Measured values of emission on fossil fuel power plant locations do not stand out from locations without fossil fuel power plants. The same comment holds for the box-plots below.   

Main conclusion is that locations of fossil fuel power plants cannot be distinguished solely from emission measurements of NO2 in troposphere. Additional information on locations of fossil fuel power plants is necessary to construct a model.

In [None]:

data_dow=ef_rgn.pivot(columns='dow',values='trop')

days=['mon','tue', 'wed','thu','fri','sat','sun']

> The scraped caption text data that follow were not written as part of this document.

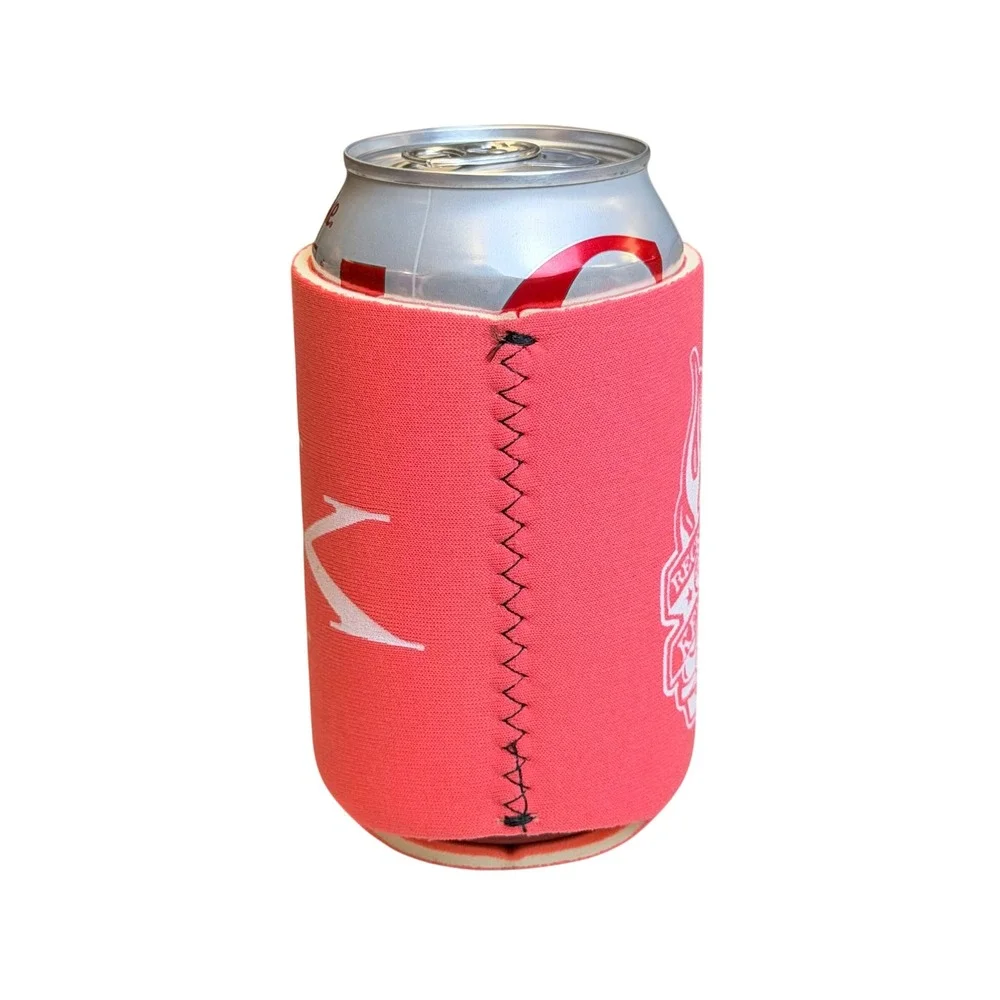 Reckless Kelly Can Cooler Koozie Pink Neoprene Merch Logo Flaming Cowboy Boot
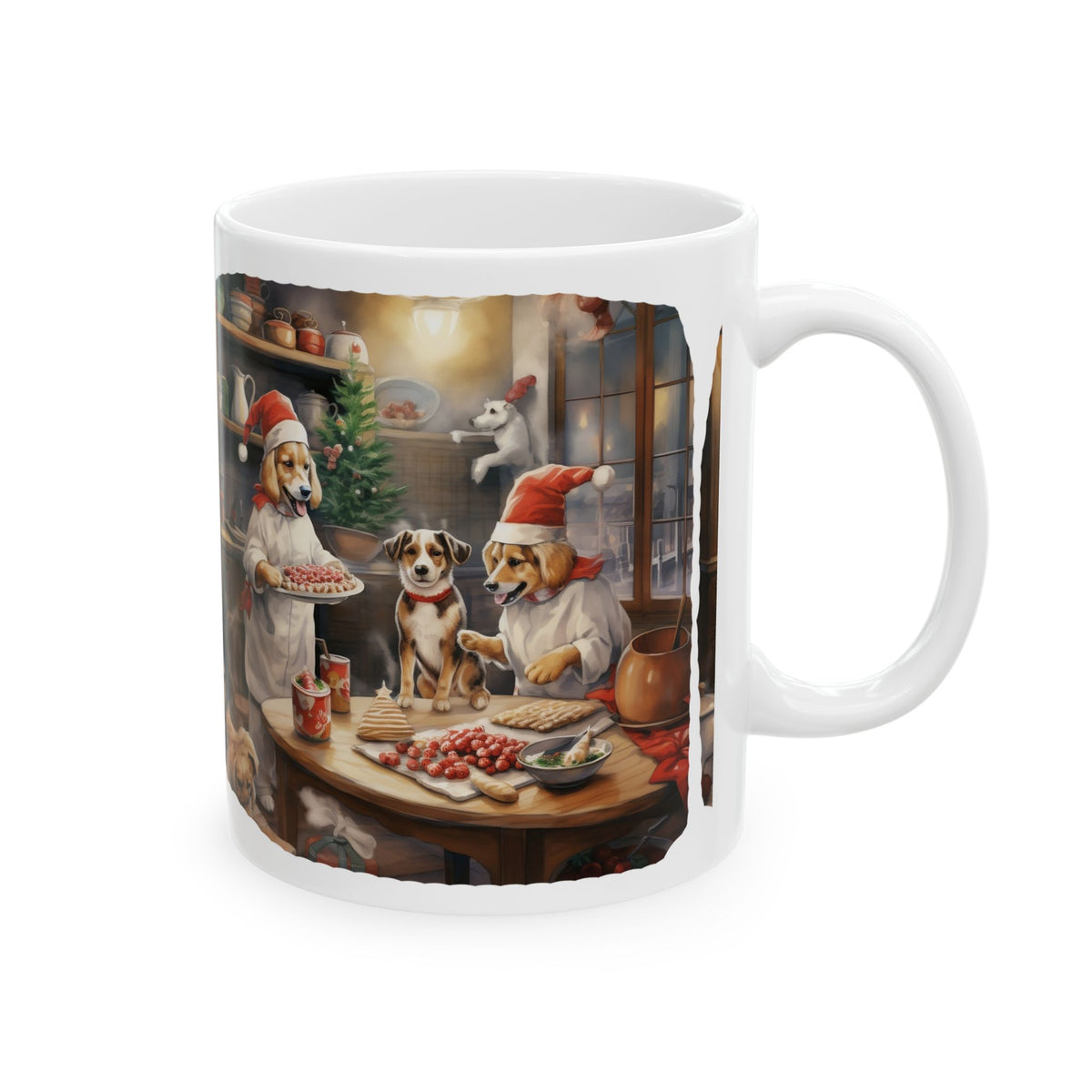Christmas Kitchen Dogs Ceramic Mug — Festive Dogs in Santa Hats 11oz   Item #100811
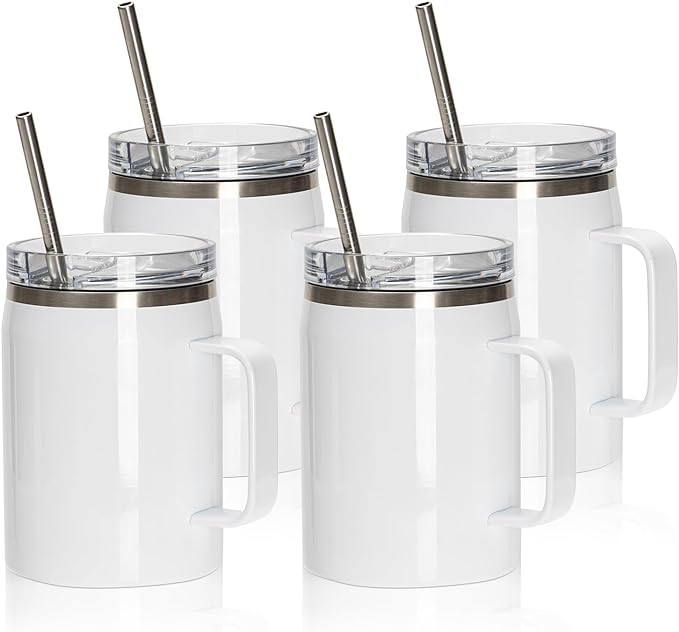 Sublimation Mugs Tumblers Blanks with Handle Lid and Straw - 30 oz - Parkerbuilt HQ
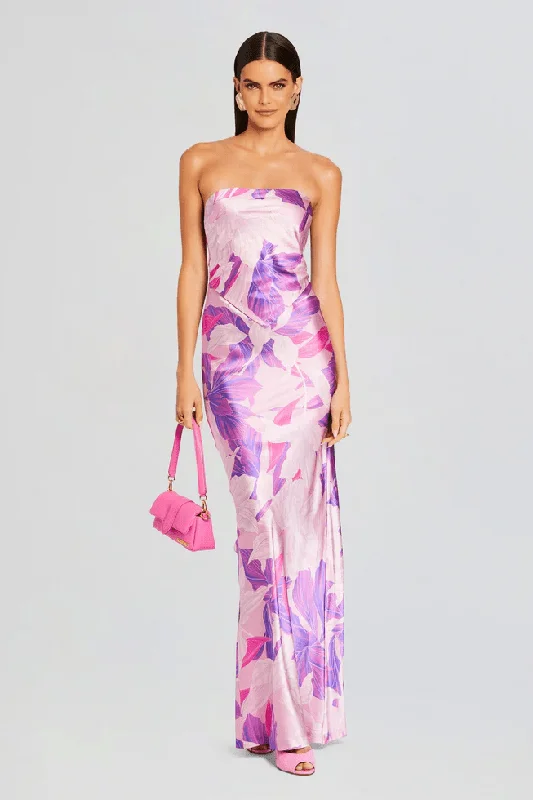 RETROFETE SKYE SILK DRESS IN LAVENDER BOTANICAL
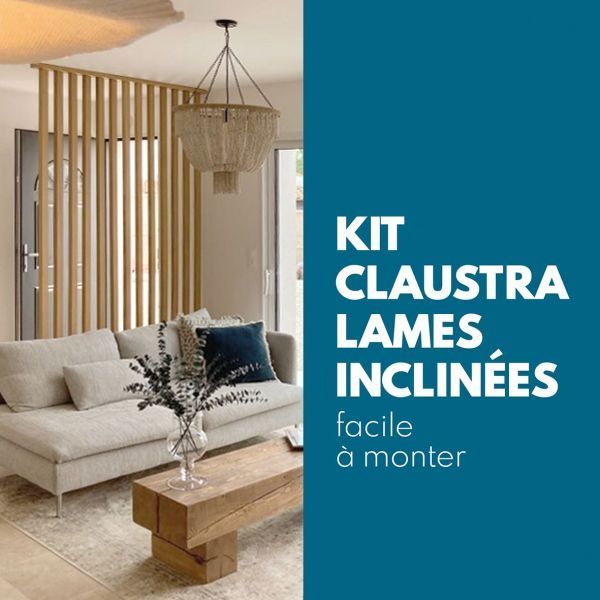 Kit Claustra Bois Chêne Massif Lames Inclinées Sur-Mesure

f11, ax11 = plt.subplots(1, 2, figsize=(20, 4))
chart=sns.boxplot(data=data_dow, ax=ax11[0])
chart.set_xticklabels(days, rotation=45, horizontalalignment='right')
chart.set_title('Regional NO2 in troposphere')
chart.set_ylabel('emission (NO2 troposphere)') 

p=13 # number selects location to show
data_dow=tro.pivot(columns='dow',values=tro.columns[p])

chart=sns.boxplot(data=data_dow, ax=ax11[1])
chart.set_xticklabels(days, rotation=45, horizontalalignment='right')
chart.set_title(tro.columns[p])
chart.set_ylabel('emission (NO2 troposphere)') ;

monthly_data_location(no,tro,'monthly data NO2 column','monthly data troposphere' )
monthly_data_location(aa,clf,'monthly data aerosol absorption index','monthly data cloud fraction' )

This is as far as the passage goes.